▸ Stored dataset items
--- START ---
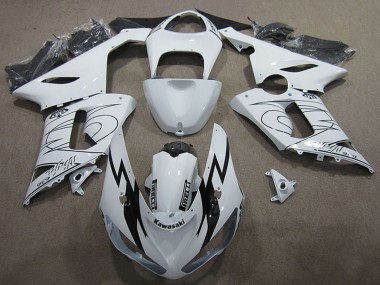 Kawasaki ZX6R Motorrad Verkleidung Kit 2005-2006 - Weiss Schwarz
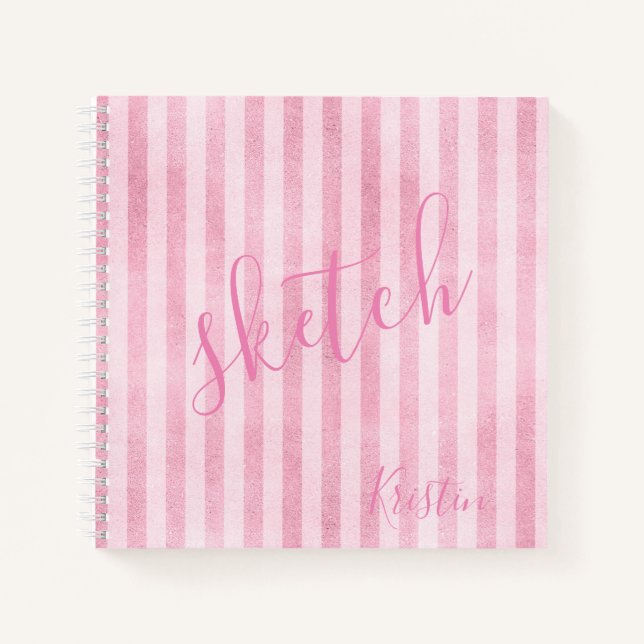 Rosa Streifen Monogram Name Sketchbook Notizbuch (Vorderseite)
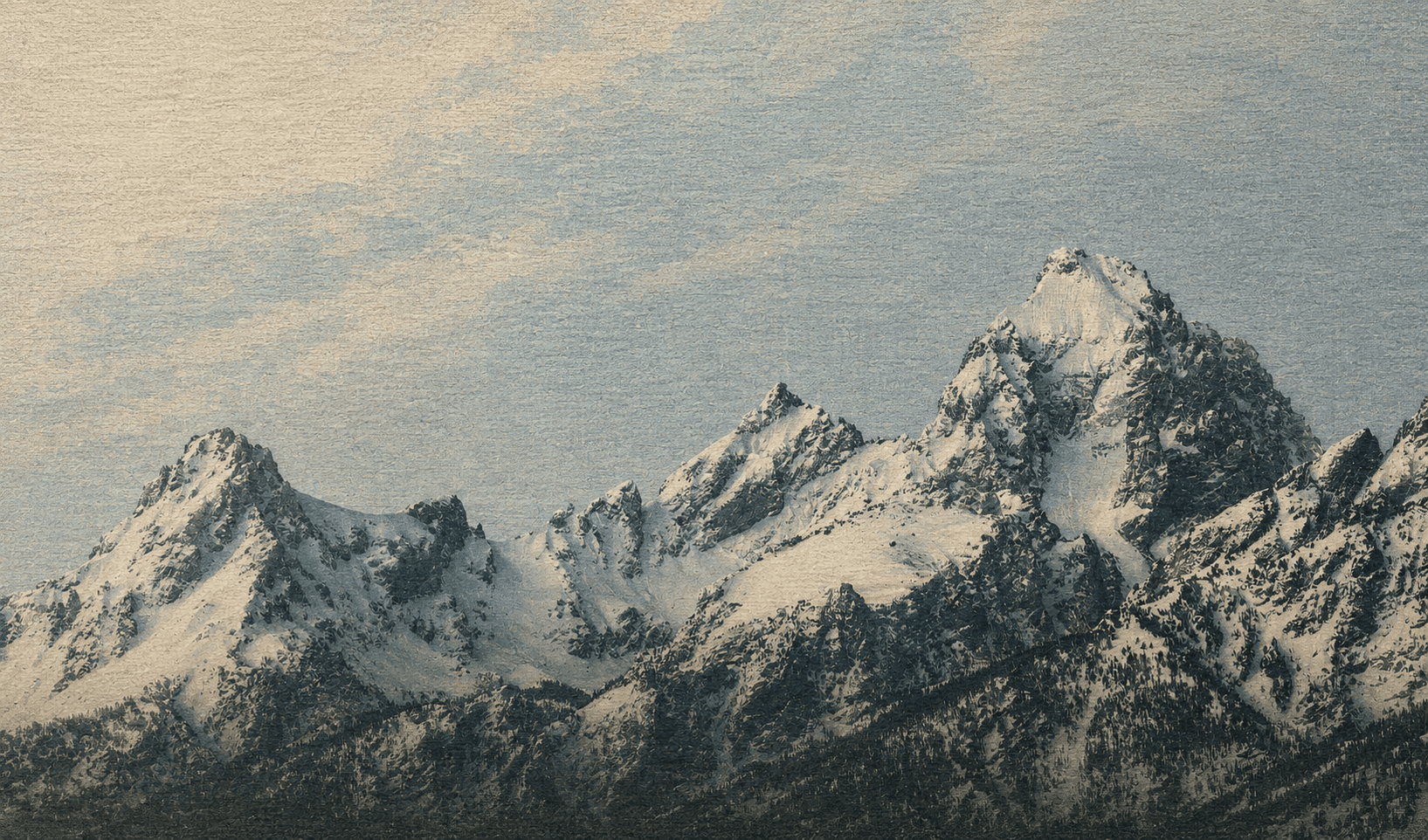 Snow-covered mountain landscape.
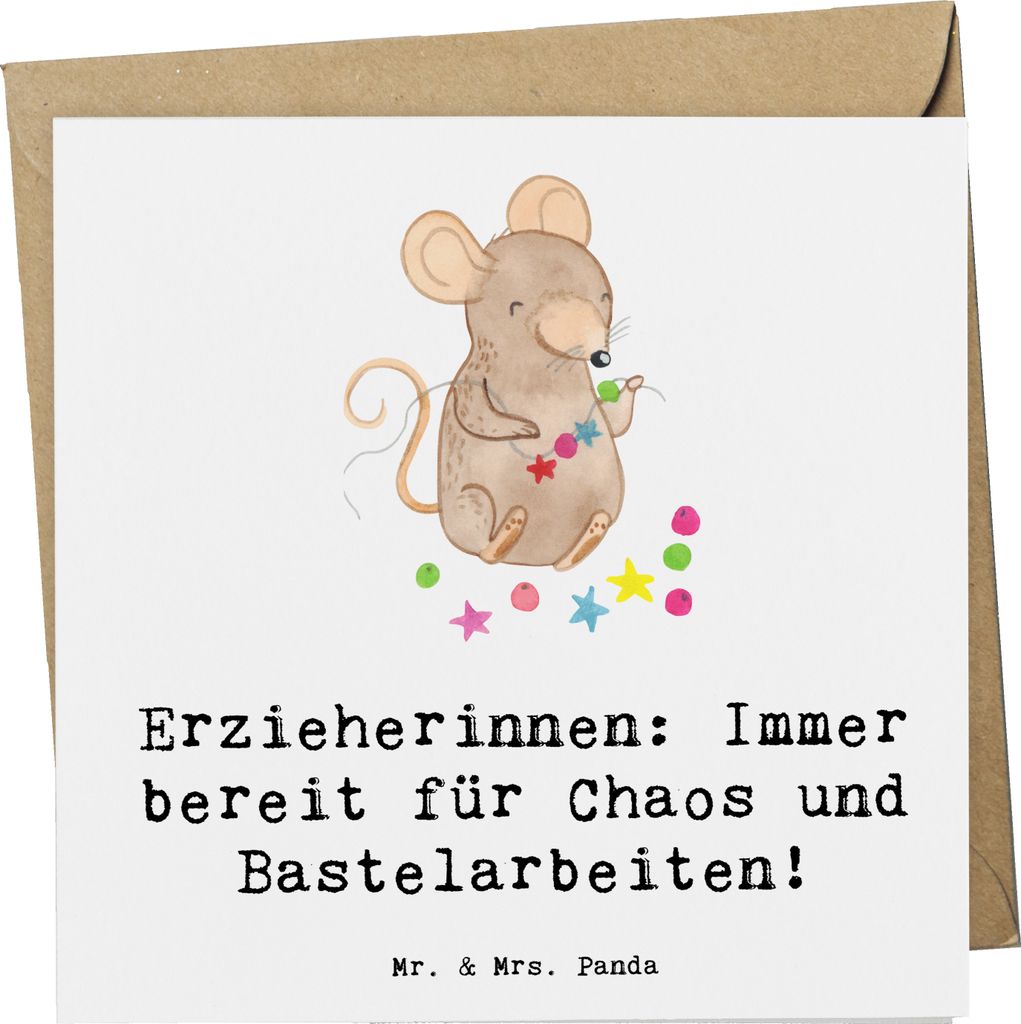 Mr. & Mrs. Panda Glückwunschkarte Erzieherin Chaos - Weiß - Produktbild 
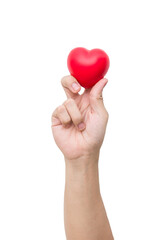 Obraz premium Red heart ball : Stress reliever foam ball the red heart shape on woman hand isolated on white background with clipping path
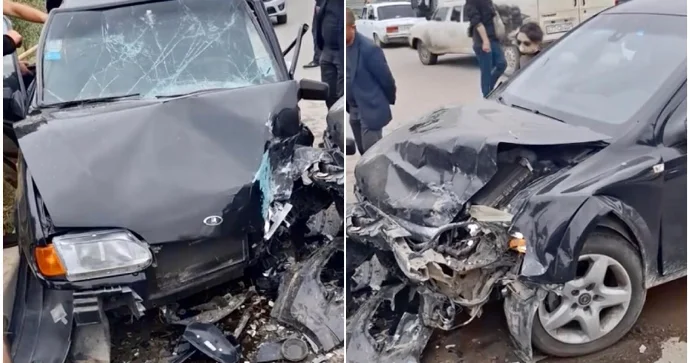 Şirvanda toqquşan maşınlar tanınmaz hala düşdü, xəsarət alanlar var VİDEO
--- END ---
▸ About this task
Return verbatim every line from the one holding "Mr. & Mrs. Panda" to the end of the records above. Do not copy the pictures.

▸ Task result
 Mr. & Mrs. Panda Glückwunschkarte Erzieherin Chaos - Weiß - Produktbild 
 Obraz premium Red heart ball : Stress reliever foam ball the red heart shape on woman hand isolated on white background with clipping path
 Şirvanda toqquşan maşınlar tanınmaz hala düşdü, xəsarət alanlar var VİDEO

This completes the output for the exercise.